> [INPUT DATA]:
○ ○ ○ ○ ○
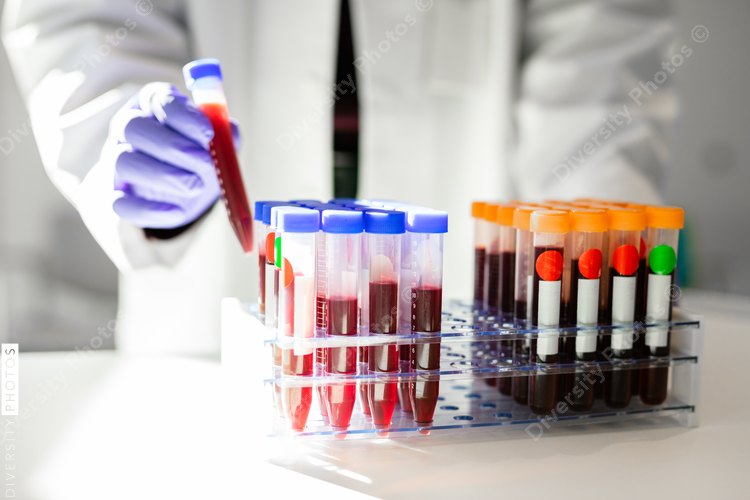 Medical professional collecting blood samples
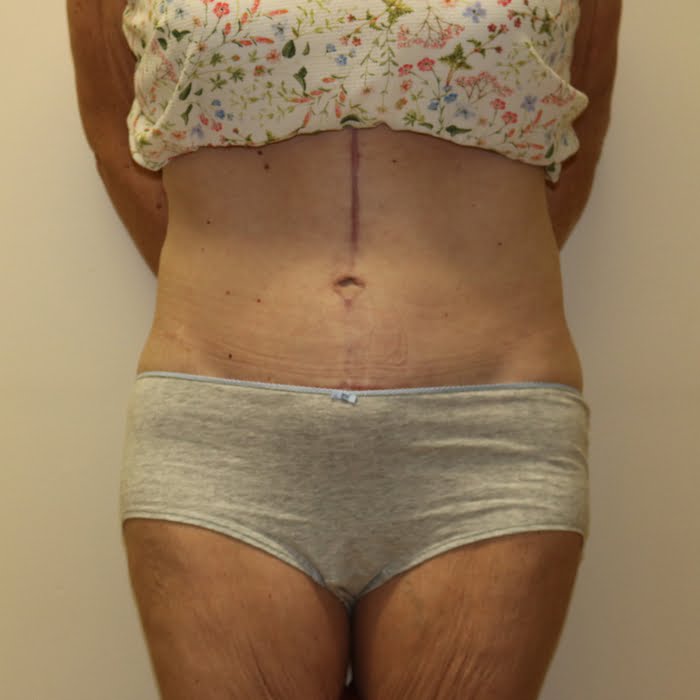 Fleur de lis tummy tuck AP view after surgery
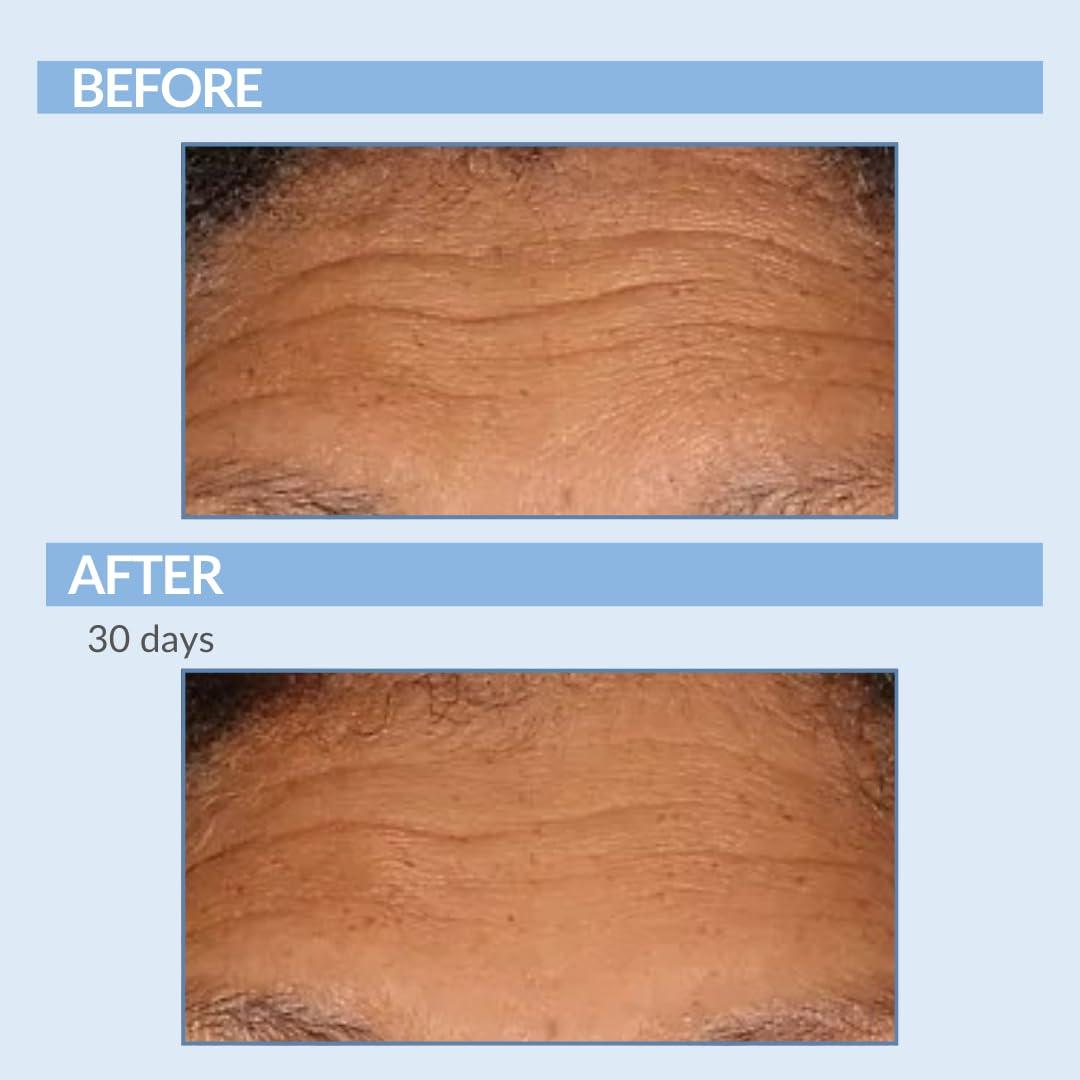 Serious Skincare Serious Skincare Retinol Facial Care DUO - A Force XR Serum Concentrate & A Cream XR Moisture Cream for Face - With Vitamin C - Anti-Aging for Lines, Wrinkles - Resurfaces and Hydrates Skin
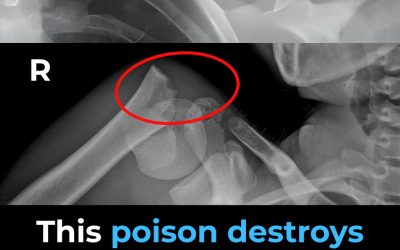This Drink Will Destroy Your Bones From The Inside But Everyone Drinks It Anyway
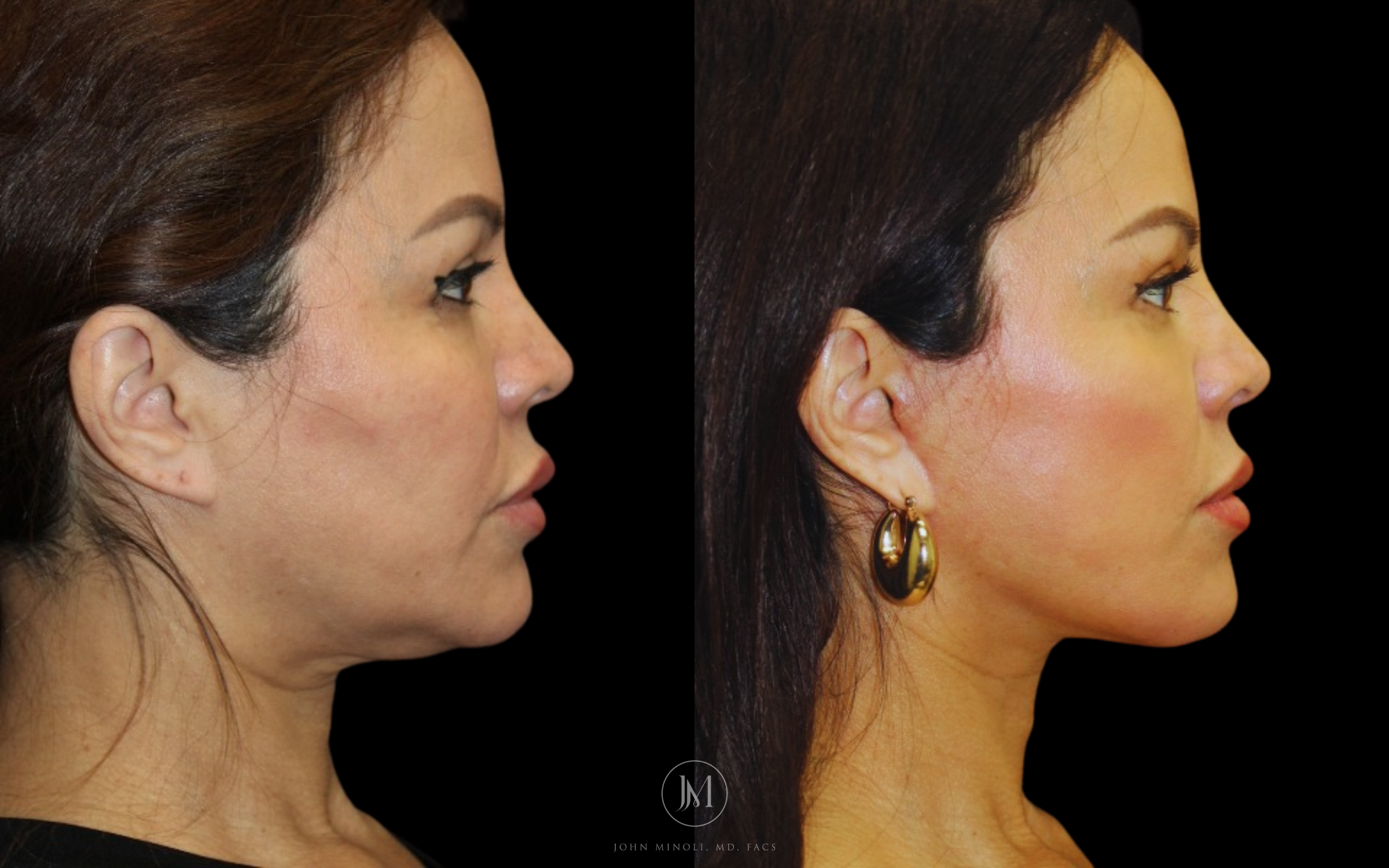 Neck Lift Before and After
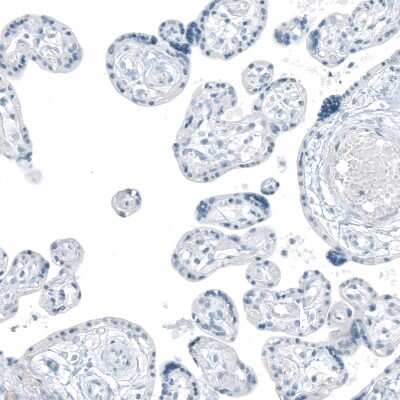 Immunohistochemistry-Paraffin: FAM161A Antibody [NBP1-94022]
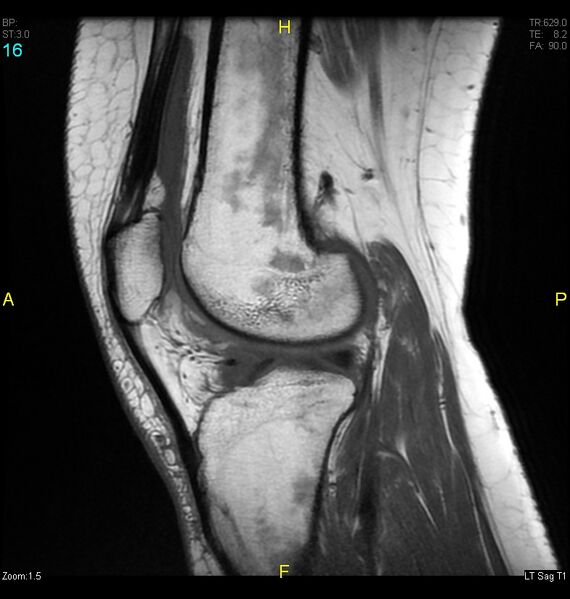File:ACL mucoid degeration with cystic changes (Radiopaedia 48428-53341 Sagittal T1 14).jpg
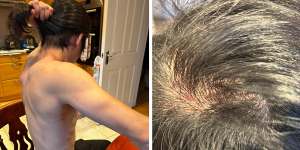 Hong Kong protestor Bob says hair was ripped from his scalp when he was beaten on the grounds of the Chinese consulate in Manchester,England,on Sunday,16 October,2022.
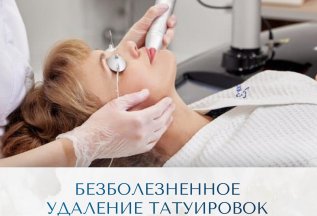Пикосекундное удаление татуировок PicoCare — без боли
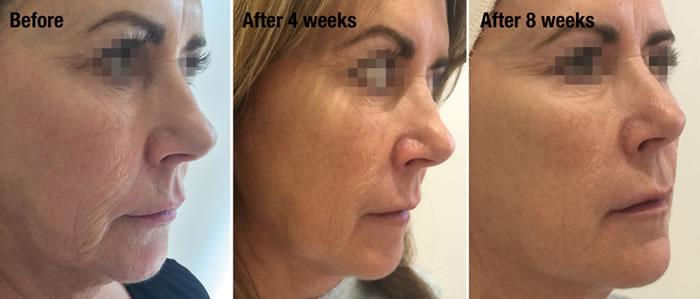 Profhilo treatment dublin before and after photos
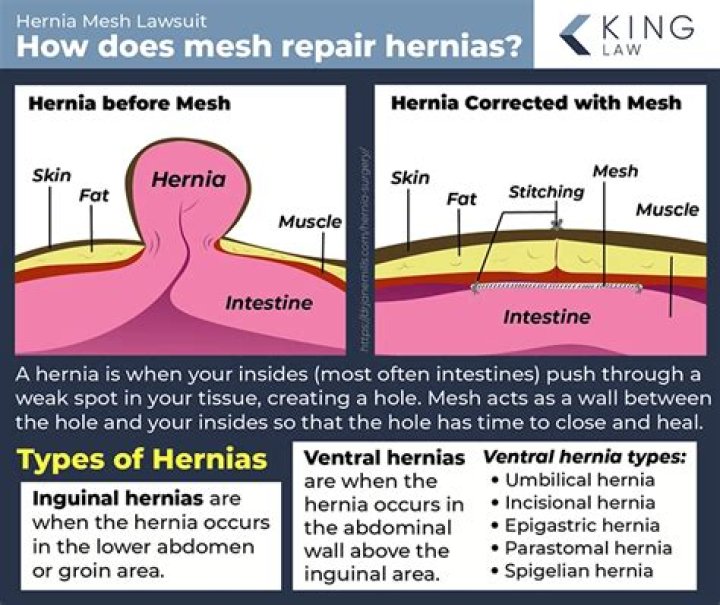How many years does hernia mesh last?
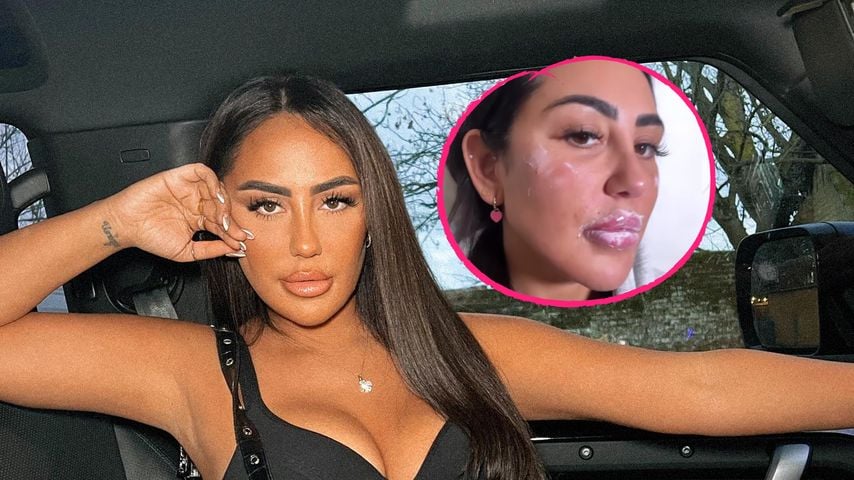 Sophie Kasaei zeigt sich nach ihrer Tränensackbehandlung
○ ○ ○ ○ ○
> [EXERCISE PROMPT]:
Going by the data above, give back only the lines from the one containing "This Drink Will" through the one containing "Hong Kong protestor", exactly as they stand, both ends included and no images.

> [WORKED SOLUTION]:
This Drink Will Destroy Your Bones From The Inside But Everyone Drinks It Anyway
 Neck Lift Before and After
 Immunohistochemistry-Paraffin: FAM161A Antibody [NBP1-94022]
File:ACL mucoid degeration with cystic changes (Radiopaedia 48428-53341 Sagittal T1 14).jpg
 Hong Kong protestor Bob says hair was ripped from his scalp when he was beaten on the grounds of the Chinese consulate in Manchester,England,on Sunday,16 October,2022.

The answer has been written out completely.